Cohabiting and Common Law Marriage
The Myth of Common Law Marriage
Half of the population thinks that Common Law marriage exists according to social attitude surveys which are published annually. It is a dangerous misconception.
In this podcast interview by Alternative Divorce Guide Suzy Miller with Collaborative Lawyer Kim Beatson of Anthony Gold Solicitors, Kim explains the harsh reality of not getting married when having a family – if you are to later split up.
“There is no such thing as a Common Law wife and cohabiting couples can be extremely vulnerable on separation because many people cohabit without realising the legal implications.
As the law stands, arguments about whether a cohabitant has an interest in property are expensive and protracted. In the absence of direct financial contributions to the purchase price, it is very difficult to secure a remedy and the only safe way forward is for cohabitants to ensure that both names are on the title deeds to any property and that the position on contributions is documented.
These difficulties were recognised by the Law Commission in its 2007 Report which recommended a new law which would give financial rights for unmarried couples with children who had been together for a suggested 2-5 years.

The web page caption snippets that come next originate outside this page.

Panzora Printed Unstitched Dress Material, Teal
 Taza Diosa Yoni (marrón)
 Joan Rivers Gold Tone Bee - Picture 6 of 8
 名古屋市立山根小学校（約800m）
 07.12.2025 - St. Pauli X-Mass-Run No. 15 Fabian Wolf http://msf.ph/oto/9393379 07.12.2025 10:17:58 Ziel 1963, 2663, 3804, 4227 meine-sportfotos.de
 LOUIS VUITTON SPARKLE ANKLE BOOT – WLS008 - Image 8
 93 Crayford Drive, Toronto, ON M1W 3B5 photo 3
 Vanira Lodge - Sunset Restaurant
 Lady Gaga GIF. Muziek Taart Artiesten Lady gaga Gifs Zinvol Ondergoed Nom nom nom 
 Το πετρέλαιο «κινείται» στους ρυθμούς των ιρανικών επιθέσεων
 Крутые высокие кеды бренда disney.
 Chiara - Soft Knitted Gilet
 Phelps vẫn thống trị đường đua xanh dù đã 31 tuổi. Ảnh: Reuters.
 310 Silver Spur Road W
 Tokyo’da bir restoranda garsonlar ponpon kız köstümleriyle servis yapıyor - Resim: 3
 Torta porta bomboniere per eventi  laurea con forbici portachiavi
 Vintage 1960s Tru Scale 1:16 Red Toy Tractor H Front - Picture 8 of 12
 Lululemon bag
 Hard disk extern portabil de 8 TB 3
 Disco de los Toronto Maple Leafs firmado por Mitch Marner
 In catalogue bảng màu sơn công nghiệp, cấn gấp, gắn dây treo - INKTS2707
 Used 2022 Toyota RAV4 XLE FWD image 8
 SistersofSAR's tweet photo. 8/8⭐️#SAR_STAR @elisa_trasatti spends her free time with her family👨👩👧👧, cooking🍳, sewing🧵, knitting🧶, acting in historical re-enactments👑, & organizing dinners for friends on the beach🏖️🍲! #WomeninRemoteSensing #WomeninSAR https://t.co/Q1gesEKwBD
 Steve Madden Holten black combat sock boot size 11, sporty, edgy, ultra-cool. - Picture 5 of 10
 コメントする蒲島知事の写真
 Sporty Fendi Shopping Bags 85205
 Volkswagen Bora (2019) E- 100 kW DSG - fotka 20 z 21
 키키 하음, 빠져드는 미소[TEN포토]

The government has just announced that it has no intention of granting these new legal rights despite the recommendations of the law reform watch-dog. Presumably this is because the issue remains politically sensitive and critics fear that this long awaited change would undermine the institution of marriage.
The government’s decision is both disappointing and frustrating. Marriage rates have fallen to an all time low and there is a rise in the number of people cohabiting year on year.
Children born to unmarried couples who separate can be vulnerable and the need for law reform is long overdue. The government’s refusal to act is all the more illogical as cohabiting couples who separate often find themselves dependant on the state for help with housing and other living expenses.”